◆ **How to complete this task**
Give the entries again exactly as they appear, but without the images.

(Pictures with short captions)
----

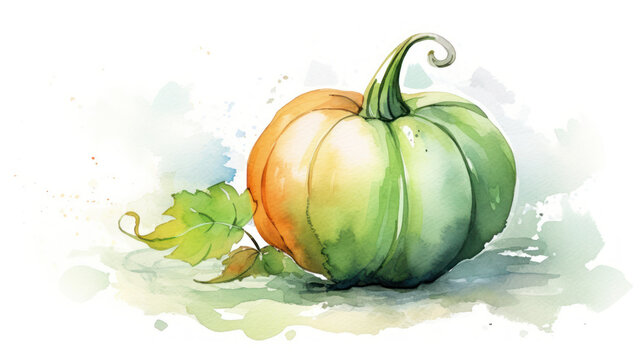 Watercolor painting of a pumpkin in green color tone.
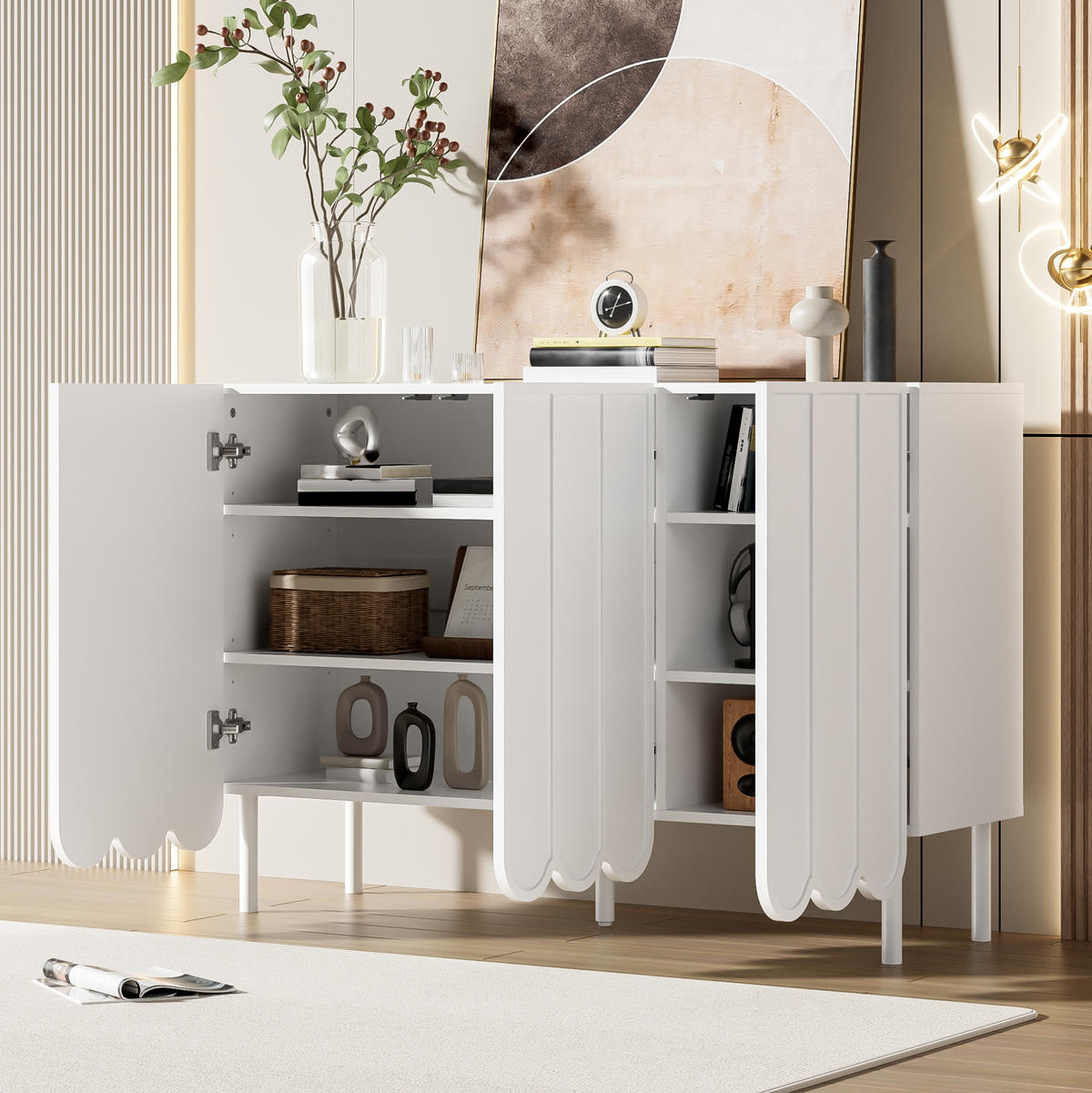 SIDEBOARD in Weiß, grifflos mit Wellentüren, MDF, verstellbare Regalböden, 120/35/80 cm, Weiß - Weiß, Holzwerkstoff (120/80/35cm) - Redom
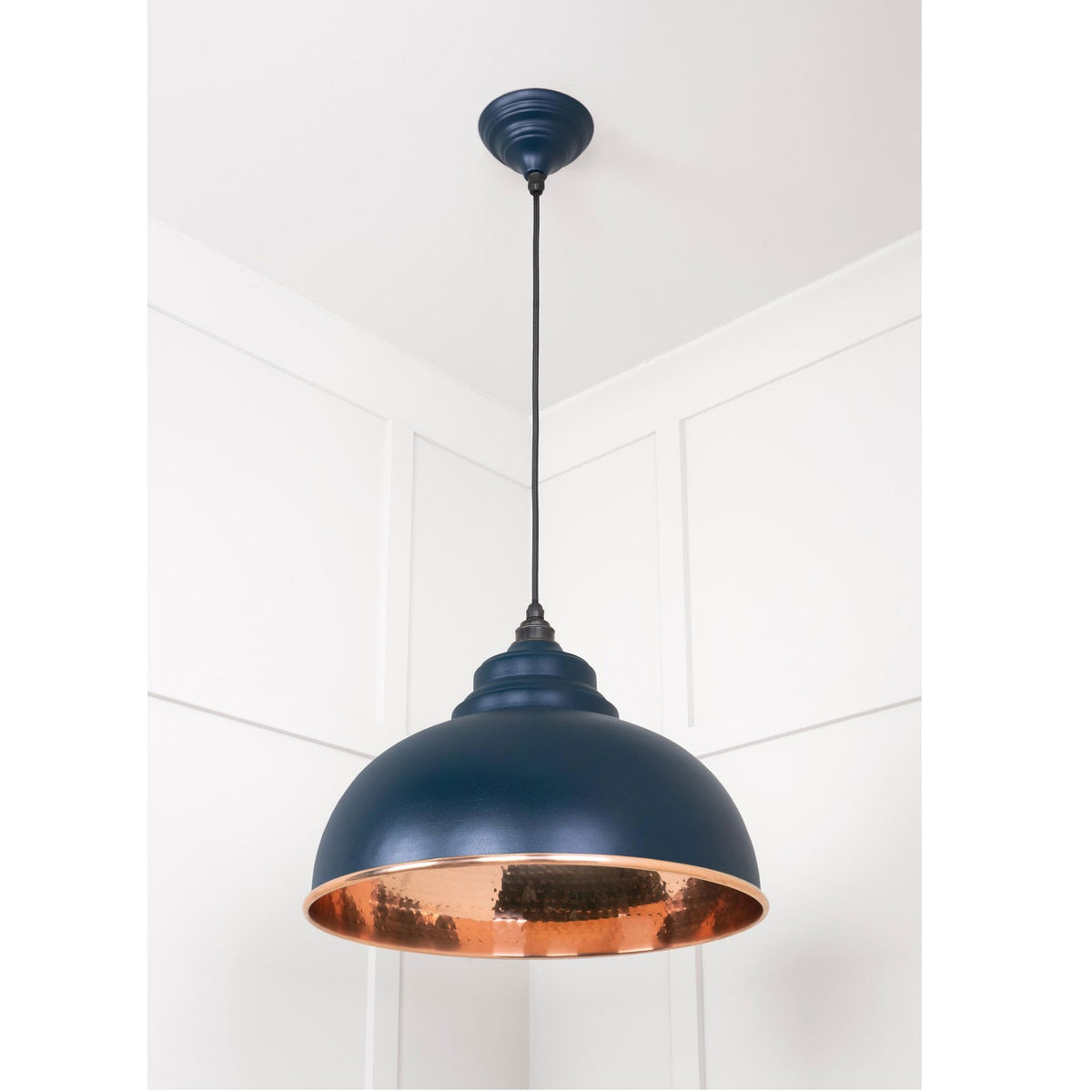 Hammered Copper Harborne Pendant in Dusk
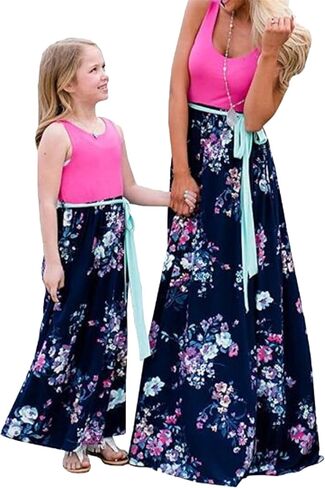 EFOFEI Mom and Me Dresses Matching Summer Floral Dress Round Neck Sleeveless Family Dress in Saudi Arabia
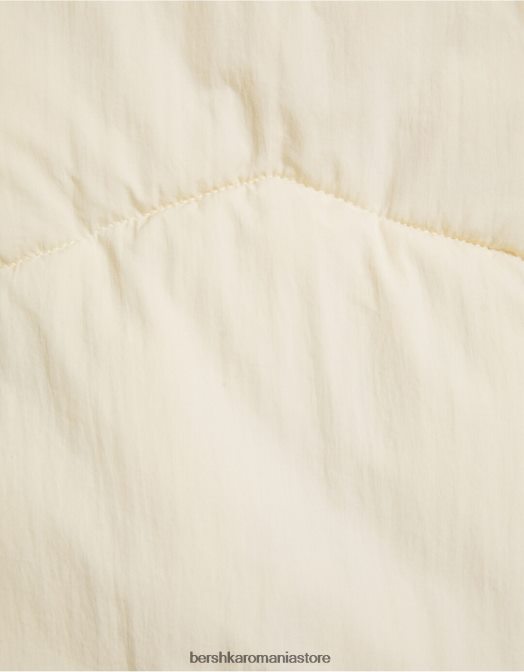 Bershka femei vestă supradimensionată din nailon cu glugă cremă Z86D1151 îmbrăcăminte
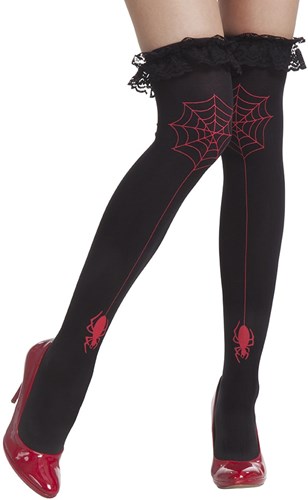 Zwarte Sexy Overknee met Rode Spinnen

----

◆ **Finished exercise**
 Watercolor painting of a pumpkin in green color tone.
 SIDEBOARD in Weiß, grifflos mit Wellentüren, MDF, verstellbare Regalböden, 120/35/80 cm, Weiß - Weiß, Holzwerkstoff (120/80/35cm) - Redom
 Hammered Copper Harborne Pendant in Dusk
 EFOFEI Mom and Me Dresses Matching Summer Floral Dress Round Neck Sleeveless Family Dress in Saudi Arabia
 Bershka femei vestă supradimensionată din nailon cu glugă cremă Z86D1151 îmbrăcăminte
 Zwarte Sexy Overknee met Rode Spinnen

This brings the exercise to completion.